Table 1:  Offences and penalties with regard to violence against healthcare service personnel 

Offences and Penalties

Epidemic Diseases (Amendment) Ordinance, 2020

Healthcare Service Personnel and Clinical Establishments (Prohibition of violence and damage to property) Bill, 2019

Indian Penal Code, 1860

Violence

 

  • Violence against a healthcare service personnel is punishable with imprisonment between three months and five years, and a fine between Rs 50,000 and two lakh rupees.     (Act of violence includes harassment, hurt/harm, and damage to property)
  • Violence against a healthcare service personnel, is punishable with imprisonment between six months and five years, and a fine of up to five lakh rupees.     (Act of violence includes harassment, hurt/harm, and damage to property)
  • Causing voluntary hurt is punishable with imprisonment up to one year, or with fine up to Rs 1,000, or both.

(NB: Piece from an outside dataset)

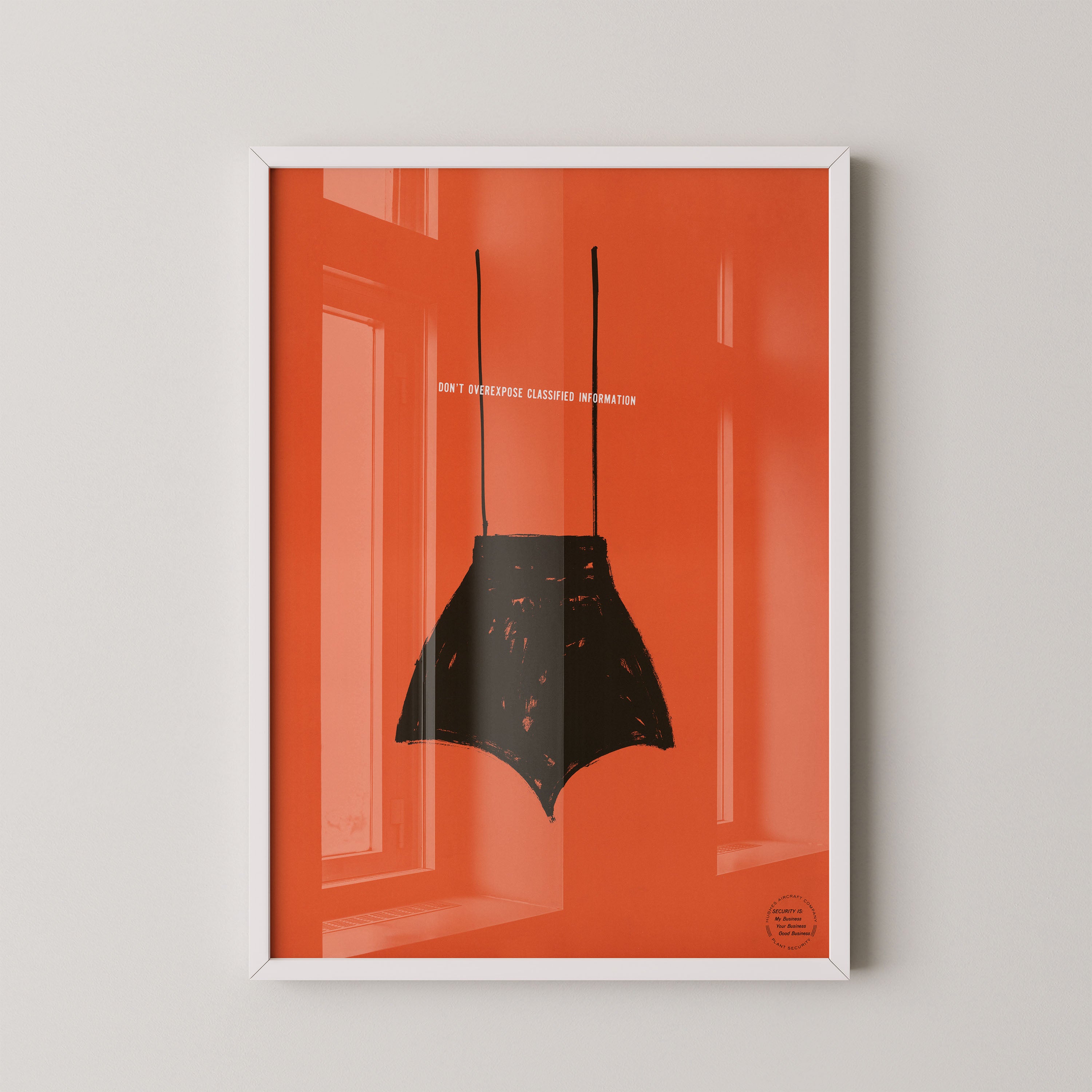 Hidden message – minimal graphic poster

Violence causing grievous harm

  • Violence against a healthcare service personnel causing grievous harm is punishable with imprisonment between six months and seven years, and a fine between one lakh rupees and five lakh rupees.
  • Violence against a healthcare service personnel causing grievous harm is punishable with imprisonment between three years and ten years, and a fine between two lakh rupees and ten lakh rupees.
  • Voluntarily causing grievous hurt is punishable with imprisonment up to seven years, and a fine.

Damage to property

  • Damage or loss to any property during an epidemic, is punishable with imprisonment between three months and five years, and a fine between Rs 50,000 and two lakh rupees. 
  • Damage or loss to any property of a clinical establishment, is punishable with imprisonment between six months and five years, and a fine of up to five lakh rupees.     
  • Loss or damage to the property worth Rs 50 or more is punishable with imprisonment up to two years, or fine, or both.

Sources: Epidemic Diseases (Amendment) Ordinance, 2020, Healthcare Service Personnel and Clinical Establishments (Prohibition of violence and damage to property) Bill, 2019, and Indian Penal Code, 1860; PRS. 

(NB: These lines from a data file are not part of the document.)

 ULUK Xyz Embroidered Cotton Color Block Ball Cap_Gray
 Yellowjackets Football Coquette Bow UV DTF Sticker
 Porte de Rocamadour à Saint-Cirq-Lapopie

Are there provisions for the safety of healthcare service personnel at the state level?

Several states have passed legislation to protect healthcare service personnel.  These states include: Andhra Pradesh, Arunachal Pradesh, Assam, Bihar, Chhattisgarh, Delhi, Gujarat, Haryana, Karnataka, Kerala, Maharashtra, Manipur, Odisha, Punjab, Rajasthan, Tamil Nadu, Tripura, Uttarakhand and West Bengal.  

Most state Acts define healthcare service personnel to include registered doctors, nurses, medical and nursing students, and paramedical staff.   Further, they define violence as activities causing harm, injury, endangering life, intimidation, obstruction to the ability of a healthcare service person to discharge their duty, and loss or damage to property in a healthcare service institution.  

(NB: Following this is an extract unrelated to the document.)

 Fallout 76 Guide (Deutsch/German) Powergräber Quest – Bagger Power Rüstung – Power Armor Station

All state Acts prohibit: (i) any act of violence against healthcare service persons, or (ii) damage to property in healthcare service institutions.  In most of these states, sf a person partakes in these prohibited activities, he/she is punishable with imprisonment up to three years and a fine of up to fifty thousand rupees.  However, in certain states such as Tamil Nadu the maximum prison sentence may be up to ten years.